Menurutnya, perlu ada suatu pemikiran yang lebih mendalam lagi untuk menyikapi hal tersebut. Terlebih dengan adanya kekhawatiran masyarakat di mana timbul ketidakpahaman, sehingga membuat kecurigaan akan timbulnya kembali dwifungsi TNI. Ia mengatakan, kebijakan yang akan diambil tidak mengarah ke sana.
"Perlu ada satu pemikiran yang lebih mendalam lagi untuk menyikapi kekhawatiran masyarakat. Di mana ada ketidaktahuan sehingga belum-belum sudah ada kecurigaan ada dwifungsi ABRI, ada dwifungsi TNI, tapi kan tidak mengarah ke sana," tuturnya.
Sebelumnya, Ombudsman RI melihat rencana memasukkan perwira aktif TNI ke jabatan di kementerian berpotensi maladministrasi. Kebijakan tersebut akan menabrak peraturan perundang-undangan yang ada saat ini.

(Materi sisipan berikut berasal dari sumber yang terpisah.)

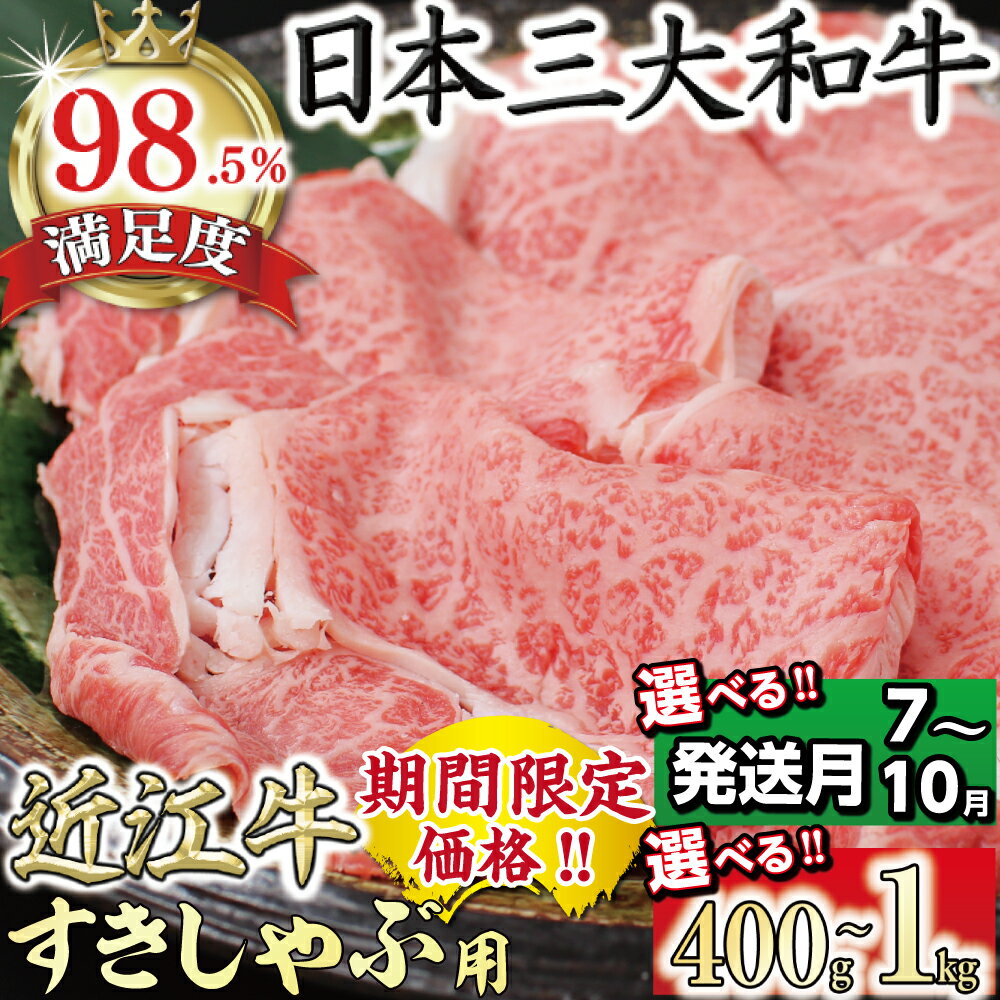 [期間限定](発送月が選べる)極上近江牛 すき焼き・しゃぶしゃぶ用[400g〜1Kg][びわこフード]肩ロース 400g / 800g / 1kg 国産 牛肉 A4 / A5 ブランド牛 日本三大和牛 鍋 ご馳走 贈り物 ギフト 冷凍 送料無料[リピート多数]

"Kami memandang ini akan sekaligus melanggar kalau ada rencana penempatan prajurit ke jabatan aparatur sipil negara (ASN)," ungkap anggota Ombudsman RI, Ninik Rahayu, di kantornya, Kuningan, Jakarta Selatan, Kamis (21/2).
Ia menjelaskan, sebenarnya pintu masuk prajurit untuk masuk ke wilayah sipil sudah ditutup rapat-rapat melalui peraturan perundang-undangan. Peraturan perundang-undangan itu, yakni Undang-undang (UU) No. 34 tahun 2004 tentang TNI, UU No. 5 tahun 2014 tentang ASN, dan Peraturan Pemerintah No. 11 tahun 2017 tentang Manajemen ASN.
"Jabatan apa pun di bidang ASN itu meminta persyaratan, prajurit harus undur diri. Bahkan tidak bisa kembali kalau pada proses rekrutmen tersebut kemudian dia tidak diterima (ada di pasal 47 UU TNI)," ujar Ninik.
Jika melihat pasal 39 UU TNI, kata dia, prajurit dilarang masuk ke dalam beberapa kegiatan yang berkaitan dengan politik. Kegiatan itu, yakni kegiatan menjadi anggota partai politik, kegiatan politik praktis, kegiatan bisnis, dan kegiatan untuk dipilih menjadi anggota legislatif dalam pemilihan umum dan jabatan politis lainnya.
"Maka dalam waktu dekat Ombudsman akan mengundang untuk mendalami potensi maladministrasi. Kami kan sayang juga dengan TNI. Jangan sampai ada penyalahgunaan wewenang dan buat prosedur dalam buat kebijakan ini," jelas dia.
Sebelumnya, Panglima TNI, Marsekal Hadi Tjahjanto, sedang mencari cara untuk mengatasi adanya 500-an perwira menengah (pamen) yang tidak memiliki jabatan saat ini. Salah satunya, pihaknya sedang merevisi UU TNI, khususnya Pasal 47 agar pamen dan pati TNI bisa berdinas di lembaga negara.
"Kita menginginkan bahwa lembaga/kementerian yang bisa diduduki oleh TNI aktif itu eselon satu eselon dua tentunya akan juga menyerap pada eselon eselon di bawahnya sehingga Kolonel bisa masuk di sana," kata Hadi di Mabes TNI Cilangkap, Rabu (31/1) lalu.
Hadi menambahkan, agar pamen TNI bisa menduduki jabatan di kementerian, tentu harus menunggu aturan. Dia pun berharap, langkah-langkah itu akan bisa mengurangi masalah ratusan pamen yang sekarang tidak memiliki jabatan.
"Tapi ini masih harus menunggu revisi Undang-Undang 34 Tahun 2004 yang jelas untuk perubahan kelas itu kita hanya mengeluarkan Perpres karena sudah ada Keppres-nya, paling tidak sudah akan berkurang dari 500 yang disampaikan tadi bisa sampai 150 sampai 200 (kolonel), mudah-mudahan," kata Hadi.